[erlang-questions] State Management Problem

Sat Dec 19 06:53:41 CET 2015

On 2015年12月19日 土曜日 00:42:26 aman mangal wrote:
> Hi everyone,
> 
> I have been reading a few blogs on Erlang lately and some of them strongly
> points out that Erlang solves the reliability problem very nicely for
> distributed systems. But when I really think about it, Erlang solves only
> half of the reliability problem. It creates duplicate actors, handle their
> crash by linking and supervision but it does not handle the distributed
> state management problem at all. If I go back and look at the thesis of Joe
> Armstrong, it also talks about everything as an actor model. I am wondering
> what assumptions were made about state management at the time of creation
> of the language as well as what are good ways to handle the other half of
> the reliability problem when it comes to Erlang? I understand that this is
> a hard problem to solve but at the same time, it seems to be a generic
> problem for Distributed Systems. Does/can Erlang provide any generic
> solutions?

Short answer:

No.

tl;dr:

Three fundamental problems exist: consistency, availability, partition tolerance. Pick two. The Rules forbid solving all three at once.

Discussion:

The problems of distributed data are threefold, and only two can be solved at a time unless you happen to know how to either freeze time, open a wormhole or beat the speed of light. This is why there are no generic solutions to distributed data, only solutions that make tradeoffs of various types, and different tradeoffs are best suited to specific situations -- hence the impossibility of genericizing any solution.

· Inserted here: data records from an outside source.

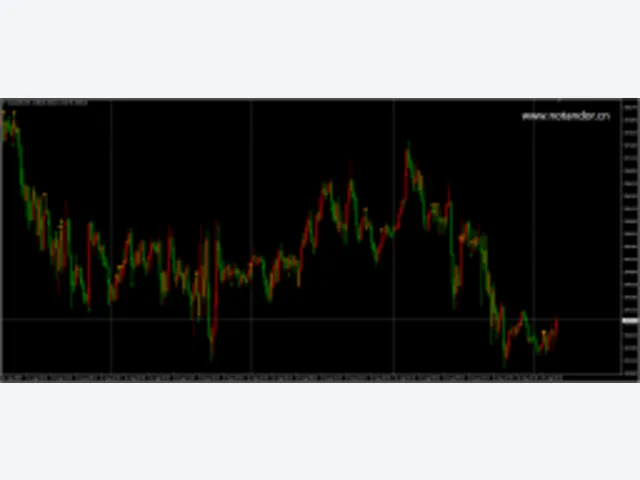 FMX Trend Indicator V1.20 MT4 图片 2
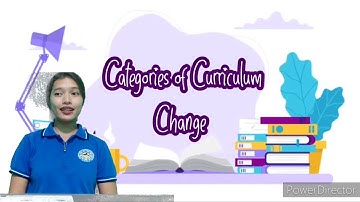 Group IV Chapter 3 Implementing the Curriculum Lesson 1 Implementing the Design Curriculum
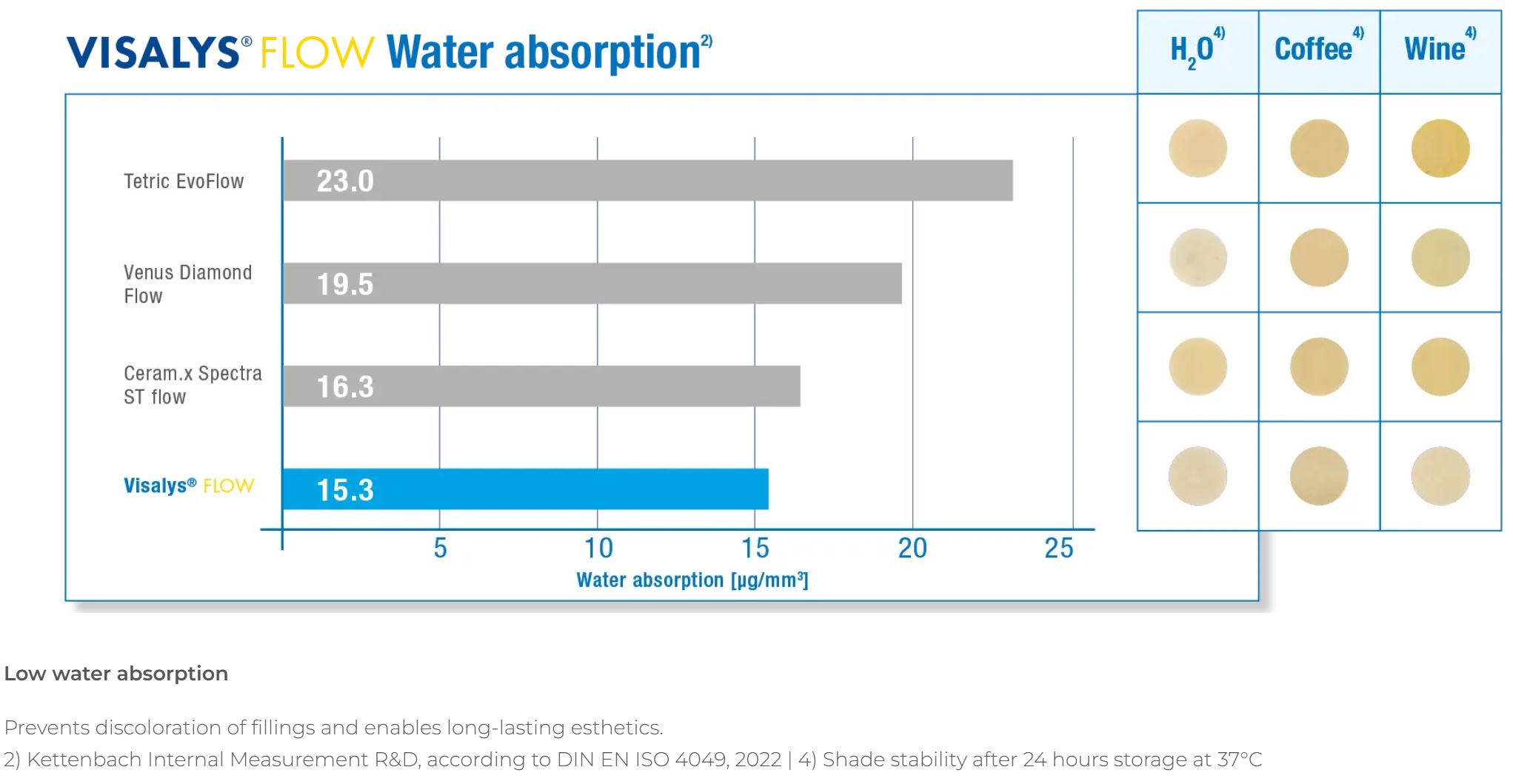 Thumbnail for Visalys Bulk Flow Syringe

The basic problem is described in the CAP theorem. It says a system can have:
- Consistency
- Availability
- Partition tolerance

but that you can only have 2 at once.

That doesn't mean that all parts of your system have to make the same tradeoff with regard to state management, but again, the fact that a tradeoff must be made is indication that there can never be a truly generic solution to this.

What Erlang lets you do is decide *for sure* whether something is running or crashing, instead of handling random faults in ad hoc ways. Tolerance for distributed failures is *also* something Erlang leaves up to the programmer to figure out, because the same CAP problem that exists in distributed state management also applied to the system's view of the state of its own operational capacity. (Does every node know what the state of every other node? That's data, too!)

So this is a hard problem. In the real world *most* systems seem to be designed to start involving humans once partitions occur (though most have the ability to run in a degraded state of service until a sysop fixes things). In the imaginary world where there is a software package to cure every ill, all our theories are correct, software is bug-free and network latency is zero this is handled automatically by correct implementations of logically flawless leader election algorithms that always work and a second partition never occurs in the middle of partition resolution. But we don't live in that world.

Partition tolerance is a hard problem, maybe the hardest to code around, so most systems seem to make a tradeoff that sacrifices (some level of) partition tolerance in exchange for (general, but maybe deferred) consistency and (an absolutely insane focus on) availability.

-Craig